The AP score is parameterized by the IoU threshold. For instance, the “traditional” way, also the way used in PASCAL VOC metric, uses a IoU threshold of 0.5. Thus computed AP is denoted as AP@IoU=0.5.
Instead of taking a single IoU=0.5
threshold, one could take
multiple IoU thresholds and average the results. For instance,
repeat the similar computations at 10 different IoU thresholds,
starting from 0.5
to 0.95
, with a step of 0.05
. The averaged
final result is denoted AP@[0.5:0.05:0.95]. This is the so-called
COCO primary challenge metric. But let’s leave this multiple-IoU
threshold thing to the very end.
Note that the IoU threshold here is NOT the same thing as the threshold used in the NMS process:
- The IoU threshold in the NMS process is used to flag duplicates.
- the IoU threshold for AP computation is used to flag true positive and false positive predictions.
4.2 True and false positive predictions, precision and recall
So how do we decide whether a prediction is true or false?
Recall that AP is conditioned on a specific class, so the predicted object has to be of the correct class.
Then the localization of the prediction has to be reasonably
good. This is measured by the IoU score: if the predicted bounding box
overlaps with a ground truth label of the specific class at IoU
>= IoU_threshold
, then it is flagged as a true positive prediction.
Otherwise, it is a false positive prediction.
An example is given in Figure 3. The predicted boxes have gone through the NMS process, and there are 4 boxes left: box-1, -2, -7 and -8.
Figure 3: Demo for AP computation for the “person” class. 2 ground truth labels are given as “label-1” and “label-2”. 4 preditions are given as “box-1”, “box-4”, “box-7” and “box-8”.

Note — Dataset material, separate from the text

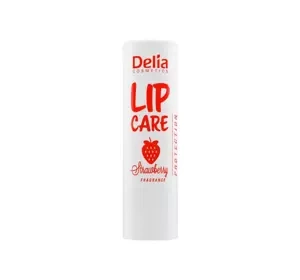 Delia Cosmetics Lip Care ochronna pomadka do ust Strawberry 4,9 g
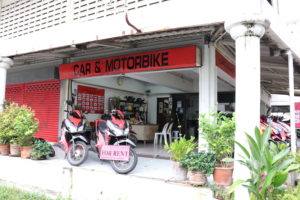 【チェンマイ】おすすめレンタルバイクはパスポート預けなし!!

Here, we are looking at the AP for the “person” class, so box-7 that predicts a laptop is irrelevant, and we ignore it.
There are 2 ground truth “person” labels in the this image. Box-1 is a close match with label-1, so it is a true positive. Similarly for box-4.

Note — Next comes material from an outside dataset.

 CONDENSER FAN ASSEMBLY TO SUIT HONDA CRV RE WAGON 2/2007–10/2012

Box-8 also predicts a “person”, but by too poor a localization (IoU
with label-2 < the IoU threshold, which, for instance, was set to
0.5
). So box-8 is flagged as false positive.

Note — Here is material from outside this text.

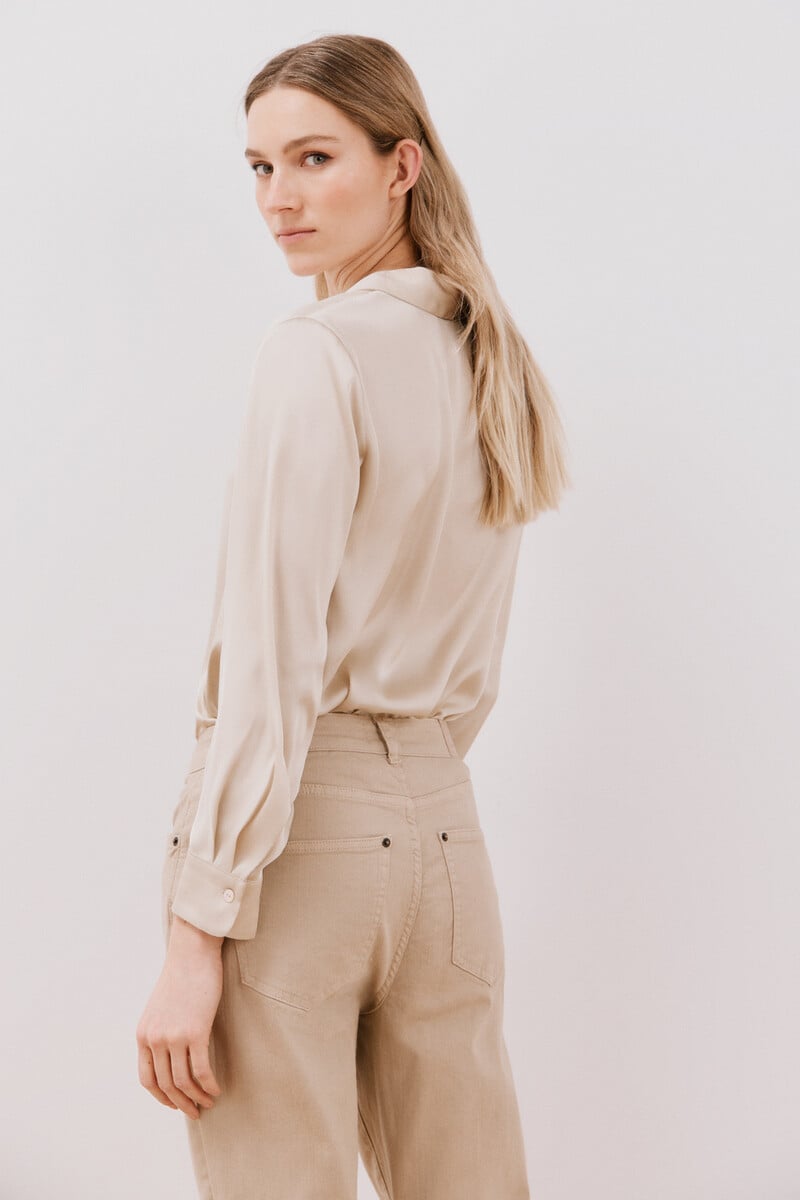 Pedro Del Hierro Camisa Satinada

But how do we know box-1 should be compared against label-1, and box-8 against label-2? In fact, we compare each prediction with all labels of class “person”, and chose the best match with the highest IoU.
Then, for this image and class “person”, we have 2 true positives:
TP=2
, and 1 false positive: FP=1
.
So, precision and recall can be computed:
- precision:
P = TP / (TP + FP) = 2 / 3 = 0.666
. - recall:
R = TP / #labels = 2 / 2 = 1
.
4.3 Area Under the P-R Curve (AUC)
Precision and recall are 2 competing scores, and typically one has to scarifies one for another. Only a hypothetically ideal predictor can achieve precision = recall = 1.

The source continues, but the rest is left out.